Frequently Asked Questions
Which GPU has more VRAM?▾
The NVIDIA Tesla V100 32GB provides 32 GB HBM2, exceeding RTX A5000's 24 GB GDDR6. This larger capacity on V100 supports bigger models, though A5000's memory suffices for many workloads.
What is the FP16 performance difference?▾
V100 delivers 125 TFLOPS FP16, far surpassing A5000's 27.8 TFLOPS. This gap favors V100 for FP16-heavy training tasks like deep learning with mixed precision.
How do cloud prices compare?▾
RTX A5000 starts at $0.03/hr averaging $0.44/hr across 31 offers, much lower than V100 32GB from $0.29/hr averaging $1.01/hr across 44 offers. A5000 provides better value for cost-sensitive users.
Which has higher memory bandwidth?▾
V100 achieves 900 GB/s with HBM2, topping A5000's 768 GB/s GDDR6. Higher bandwidth on V100 enables larger batch sizes in memory-bound applications.
Is RTX A5000 more power efficient?▾
Yes, A5000 consumes 230W TDP versus V100's 300W. This efficiency allows denser cloud deployments and lower operational costs.

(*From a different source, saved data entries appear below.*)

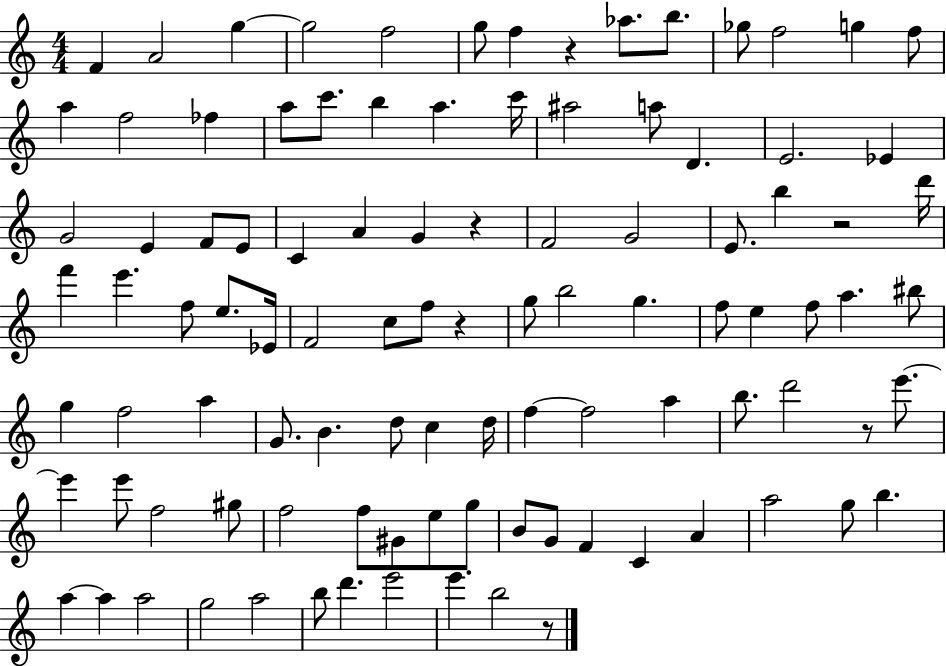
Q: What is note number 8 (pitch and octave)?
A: Ab5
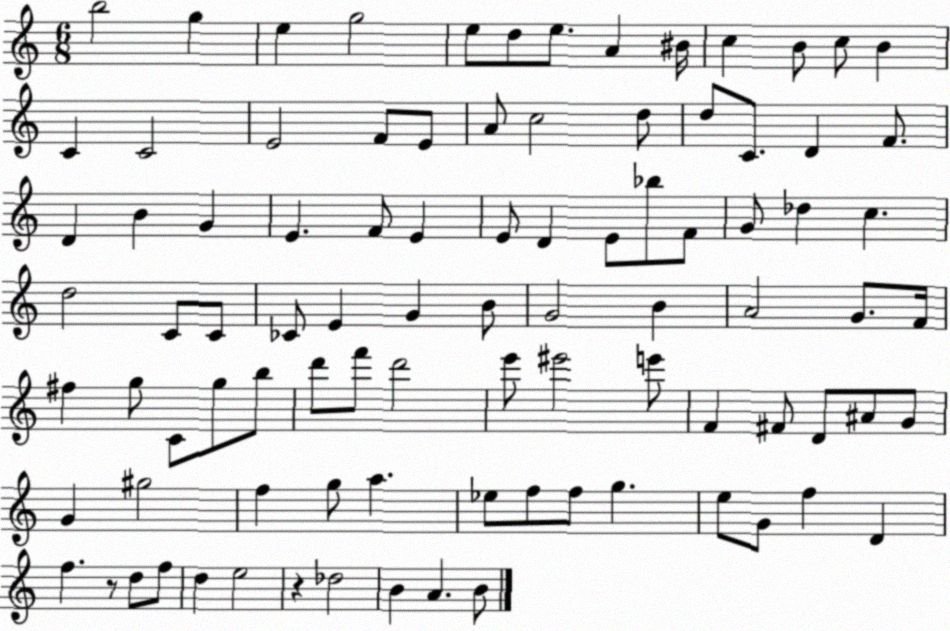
X:1
T:Untitled
M:6/8
L:1/4
K:C
b2 g e g2 e/2 d/2 e/2 A ^B/4 c B/2 c/2 B C C2 E2 F/2 E/2 A/2 c2 d/2 d/2 C/2 D F/2 D B G E F/2 E E/2 D E/2 _b/2 F/2 G/2 _d c d2 C/2 C/2 _C/2 E G B/2 G2 B A2 G/2 F/4 ^f g/2 C/2 g/2 b/2 d'/2 f'/2 d'2 e'/2 ^e'2 e'/2 F ^F/2 D/2 ^A/2 G/2 G ^g2 f g/2 a _e/2 f/2 f/2 g e/2 G/2 f D f z/2 d/2 f/2 d e2 z _d2 B A B/2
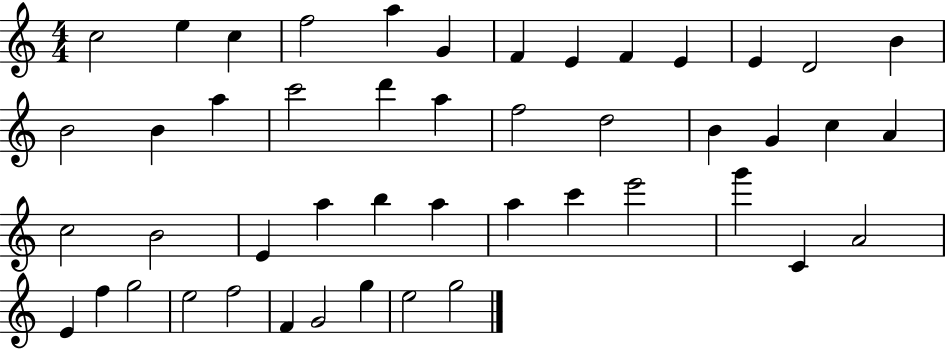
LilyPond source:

{
  \clef treble
  \numericTimeSignature
  \time 4/4
  \key c \major
  c''2 e''4 c''4 | f''2 a''4 g'4 | f'4 e'4 f'4 e'4 | e'4 d'2 b'4 | \break b'2 b'4 a''4 | c'''2 d'''4 a''4 | f''2 d''2 | b'4 g'4 c''4 a'4 | \break c''2 b'2 | e'4 a''4 b''4 a''4 | a''4 c'''4 e'''2 | g'''4 c'4 a'2 | \break e'4 f''4 g''2 | e''2 f''2 | f'4 g'2 g''4 | e''2 g''2 | \break \bar "|."
}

Which is better for FP32 workloads?▾
RTX A5000 performs at 27.8 TFLOPS FP32, outperforming V100's 15.7 TFLOPS. It suits inference and simulations reliant on single-precision compute.
Which is cheaper to rent, the RTX A5000 or the V100?▾
Cloud rental prices for both the RTX A5000 and V100 vary by provider, configuration, and availability. This page shows live pricing from 25+ providers updated every 60 seconds. Scroll to the Live Cloud Pricing section to compare current rates.
How much VRAM does the RTX A5000 have compared to the V100?▾
The RTX A5000 has 24 GB of GDDR6 memory. The V100 has 16 to 32 GB of HBM2 memory.
Can I find RTX A5000 and V100 GPUs available to rent right now?▾
Yes. This page shows real-time availability across 25+ cloud GPU providers. The Live Cloud Pricing section displays only in-stock offers with current pricing.
What is the main difference between the RTX A5000 and the V100?▾
The RTX A5000 uses the Ampere architecture (2021) while the V100 uses Volta (2017). The V100 delivers 4.5x the FP16 throughput and 1.2x the memory bandwidth of the RTX A5000.